A luxurious and very fashionable among flower growers indoor plant from the Gesneriaceae family. The earliest blooming series among non-double gloxinias.
Bell-shaped flowers, wine-red, with a pleasant velvety surface crown long peduncles. Broadly oval leaves on short petioles decorate the base of the peduncle. On an adult plant, 10-15 large flowers are formed, creating the impression of an elegant bouquet.
Gloxinia prefers bright, sunny places without exposure to direct sunlight. The ideal temperature for growth is +20°C +25°C during the day and +18°C +22°C at night.
During flowering, abundant watering, weekly fertilizing, humid air (spraying from a spray bottle) are necessary.
In October-November, after flowering, watering and fertilizing are stopped.

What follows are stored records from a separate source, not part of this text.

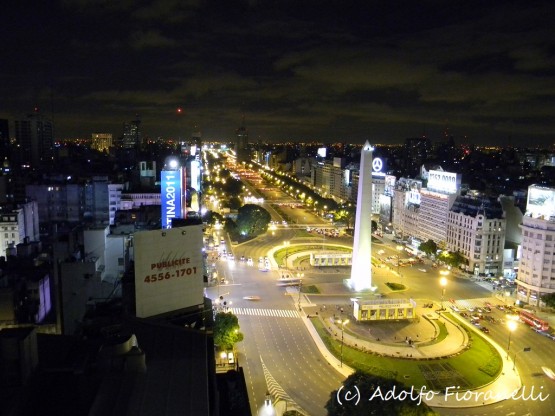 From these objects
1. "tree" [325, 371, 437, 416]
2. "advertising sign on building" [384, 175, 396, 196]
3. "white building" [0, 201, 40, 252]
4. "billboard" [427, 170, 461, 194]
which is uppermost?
"billboard" [427, 170, 461, 194]

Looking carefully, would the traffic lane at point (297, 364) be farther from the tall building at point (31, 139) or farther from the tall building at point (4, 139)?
the tall building at point (31, 139)

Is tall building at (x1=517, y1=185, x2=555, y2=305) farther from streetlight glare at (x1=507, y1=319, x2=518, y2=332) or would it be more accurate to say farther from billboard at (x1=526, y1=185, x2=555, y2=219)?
streetlight glare at (x1=507, y1=319, x2=518, y2=332)

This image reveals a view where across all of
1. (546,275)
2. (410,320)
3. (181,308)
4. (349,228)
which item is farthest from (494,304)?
(349,228)

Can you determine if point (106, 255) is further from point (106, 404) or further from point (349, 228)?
point (349, 228)

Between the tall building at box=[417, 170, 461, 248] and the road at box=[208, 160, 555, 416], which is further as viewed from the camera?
the tall building at box=[417, 170, 461, 248]

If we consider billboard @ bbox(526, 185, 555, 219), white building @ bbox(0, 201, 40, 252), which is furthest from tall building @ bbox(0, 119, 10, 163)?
billboard @ bbox(526, 185, 555, 219)

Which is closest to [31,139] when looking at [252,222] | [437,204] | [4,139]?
[4,139] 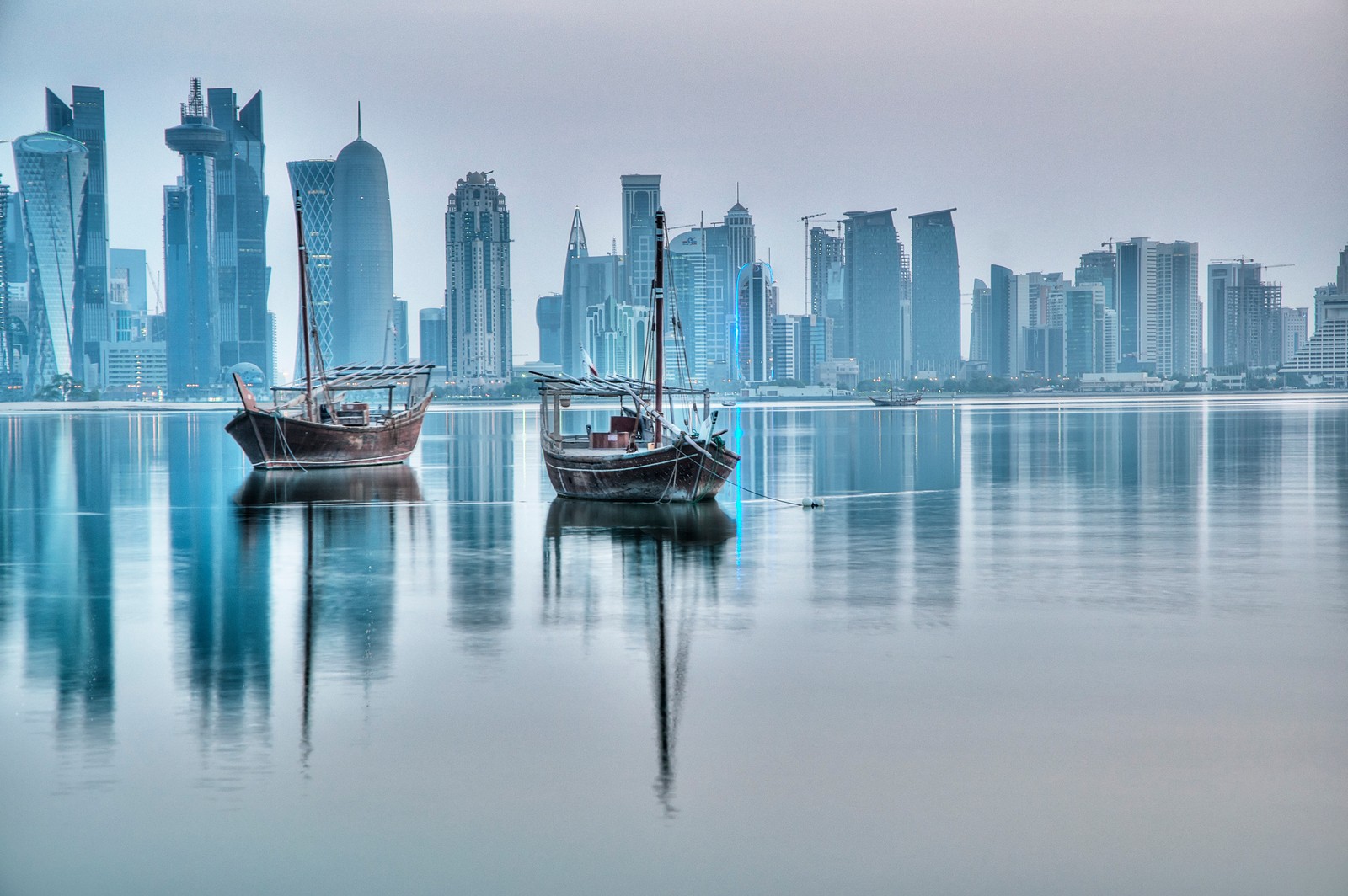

When the gloxinia leaves dry out, the tubers are removed from the soil and stored in shallow boxes with slightly damp sand or perlite, which are placed in a room with a temperature of +10 to +12°C. After a dormant period (approximately 90 days), the tubers will produce new shoots and they can be transplanted into a pot again.
Seeds in granules! The granules are placed on the surface of the soil, without sealing them into the soil, and are well moistened with a spray bottle (the seeds germinate in the light!).
When moisture gets on the granule, the shell should dissolve. The crops are covered with glass to maintain constant humidity until full germination. Seedlings require additional illumination from January to mid-March. In the phase of one true leaf, the seedlings are picked. From February to March, covered with glass and placed in a warm, bright place.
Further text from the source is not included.